══ RECORDS SUPPLIED
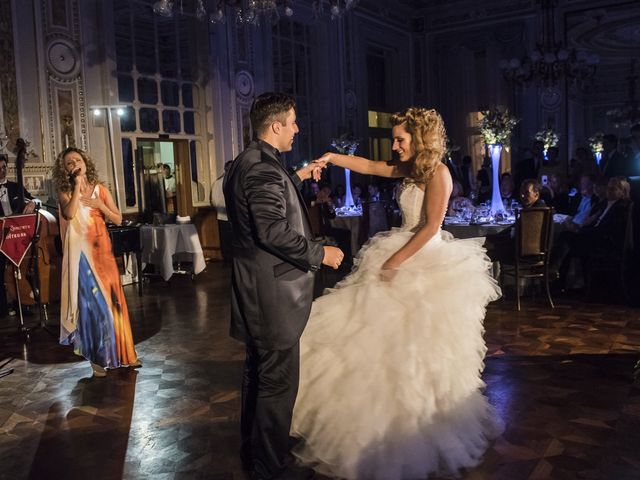 Il matrimonio di Plamen e Alessandra a Bellagio, Como 51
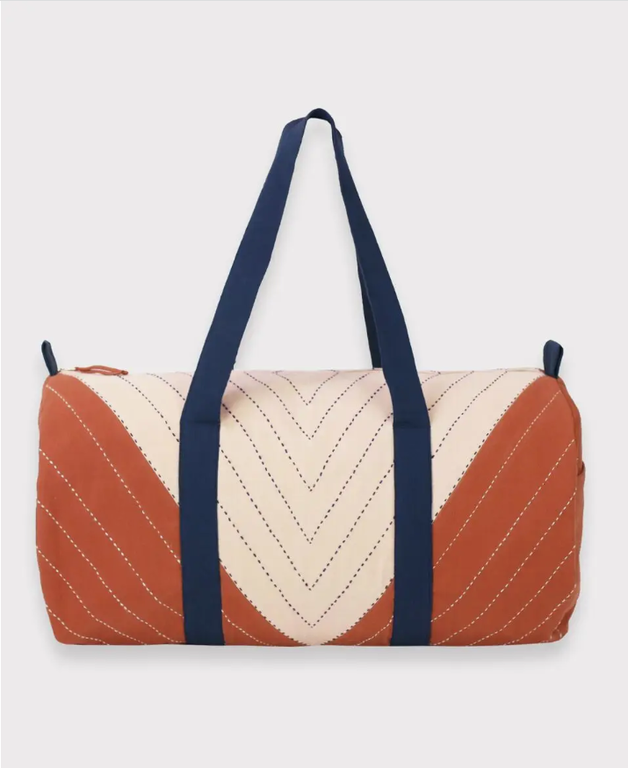 Colleen Clines Weekender Canvas Duffle Bag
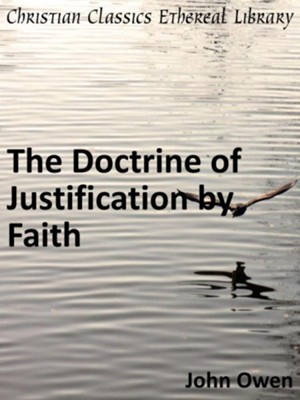 Cover of Doctrine of Justification by Faith - eBook
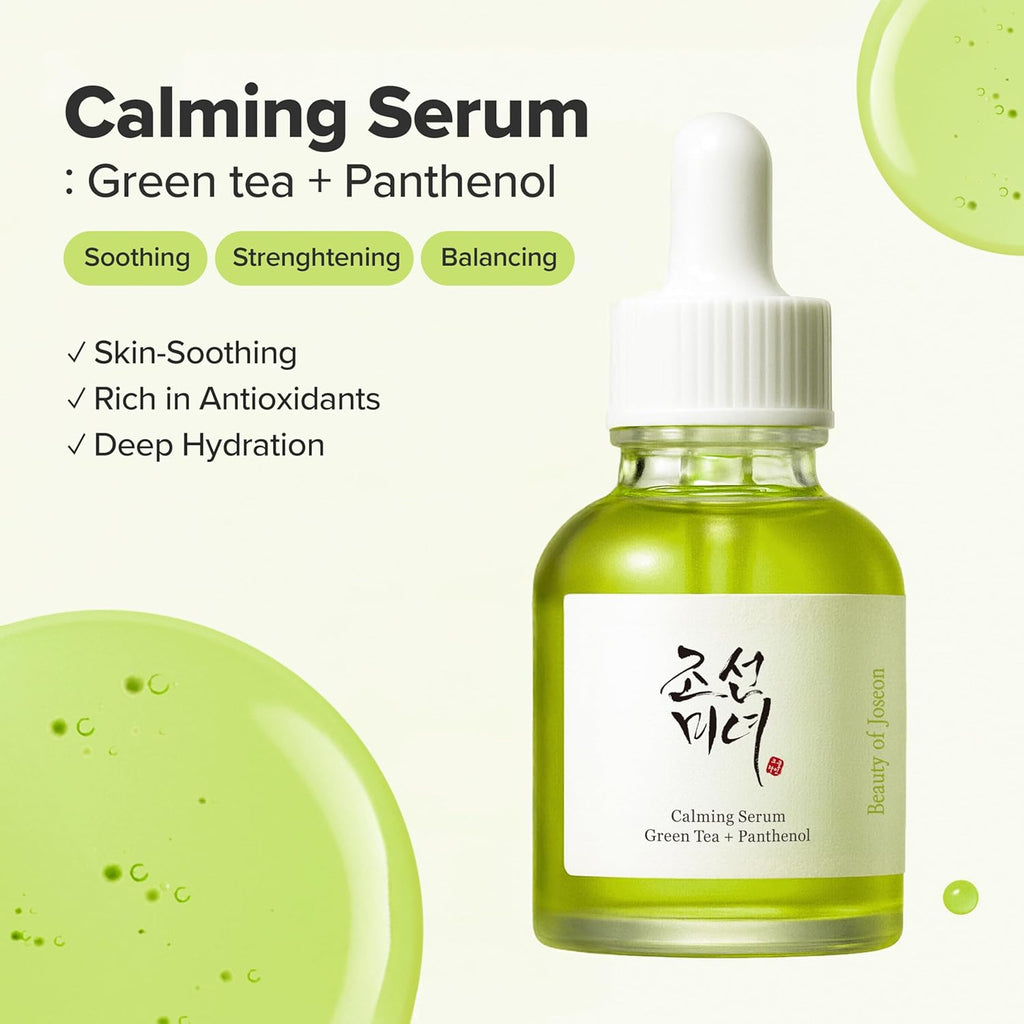 Beauty of Joseon Calming Serum [Renewal – 30ml]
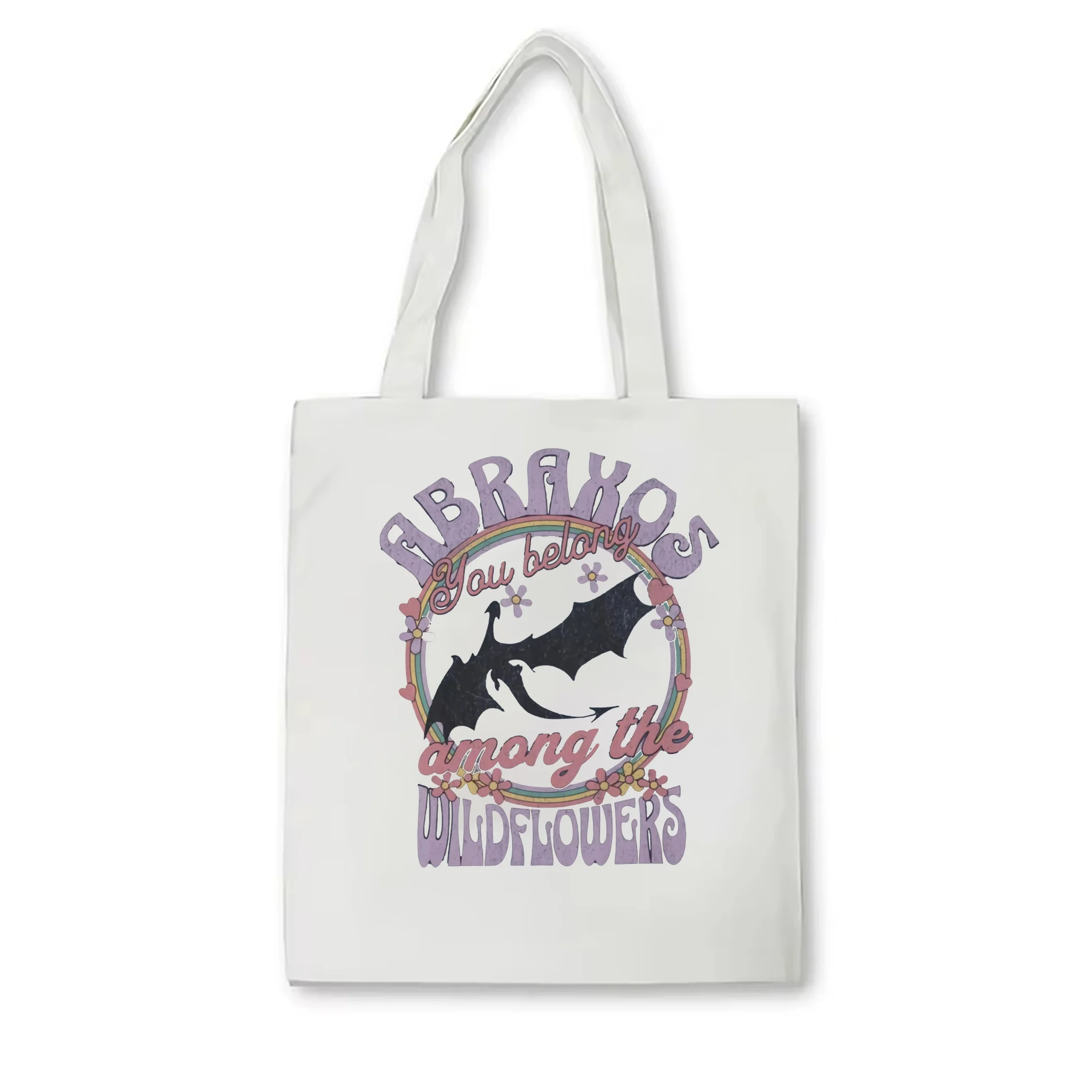 Bolso de hombro de lona Abraxos The Thirteen Manon Blackbeak con licencia oficial, bolso de hombro con diseño de trono de vidrio, compatible con SJM TOG merch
════
» WORK ITEM
Leave the pictures out, and reproduce only the lines from the line holding "Beauty of Joseon" through the last line of the material, both included.

» FINISHED EXERCISE
 Beauty of Joseon Calming Serum [Renewal – 30ml]
 Bolso de hombro de lona Abraxos The Thirteen Manon Blackbeak con licencia oficial, bolso de hombro con diseño de trono de vidrio, compatible con SJM TOG merch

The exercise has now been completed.